Fraudsters in California have been arrested for allegedly taking advantage of the state’s homelessness crisis in a mail-in ballot scheme.

In an operation that authorities have linked with the criminal MS-13 gang, two men were arrested for filing phony voter registration applications on behalf of thousands of homeless people, local ABC affiliate KACB reported.

Two men charged in California

One of the men charged, Carlos Antonio De Bourbon Montenegro, is accused of falsifying names, addresses, and signatures on nomination papers under penalty of perjury so that he could run to be mayor of Hawthorne.

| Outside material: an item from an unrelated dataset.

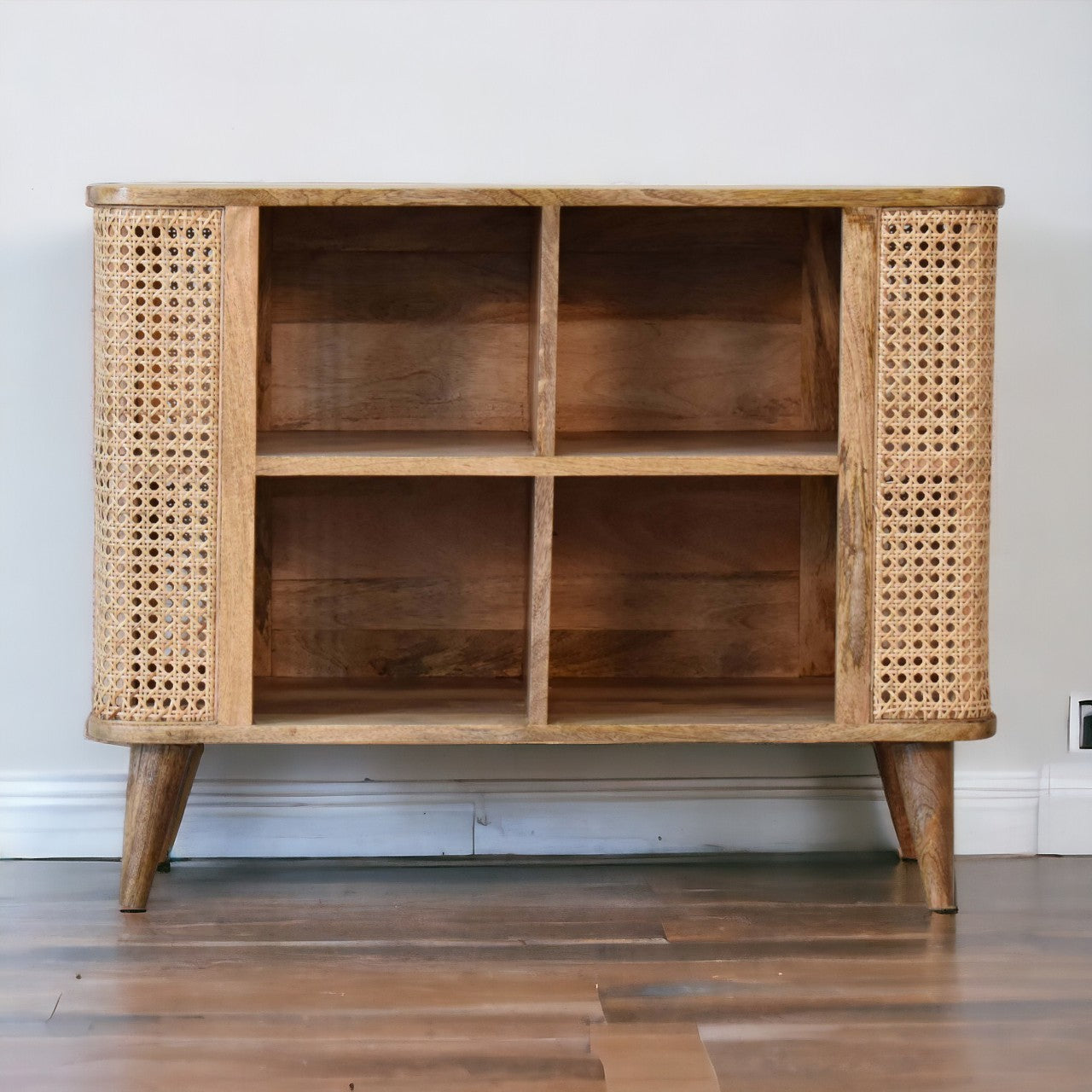 Larissa Open Double Chest of Drawers | Oak Rattan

Montenegro, 53, and Marcos Raul Arevalo, 34, were slapped with 41 criminal charges in a scheme to get Montenegro elected. They were charged with one count of conspiracy to commit voter fraud, eight counts of voter fraud, four counts of procuring and offering a false or forged instrument, and four misdemeanor counts of interference with a prompt transfer of a completed affidavit.

Montenegro faces an additional 10 charges of voter fraud, seven counts of procuring and offering a false or forged instrument, two counts of perjury, and five misdemeanor counts of interference with a prompt transfer of a completed affidavit.

The pair are accused of submitting over 8,000 fraudulent voter registration applications between July and October. They used three mailboxes and Montenegro’s home address to collect the ballots, but they were caught before any could be cast.

At an arraignment Tuesday, prosecutors alleged that the MS-13 gang funded and backed the operation so they could have Montenegro elected to their benefit, KACB reported. Arevalo was paid $2,000 for each batch of fake registrations, and authorities said that the ballots were uncovered at a motel room.

Mother speaks out

Montenegro and Arevalo both pleaded not guilty.

Montenegro’s mother, Madeline Gonsalves, said she questioned whether what her son was doing was legal, Fox affiliate KTTV reported. “He’s an extremely intelligent person,” she said. “I kept telling him, ‘Are you sure this is OK?’ He said, ‘Mom, they’re homeless people. They need to vote like anyone else.'”

“My son has lots of ideas,” she added.

Montenegro faces a maximum sentence of 15 years in prison. Arevalo faces up to seven years in prison.

This comes as President Donald Trump has claimed that the Democrats defrauded the presidential election using mail-in ballots, a charge Democrats have insisted is a completely baseless “conspiracy theory.”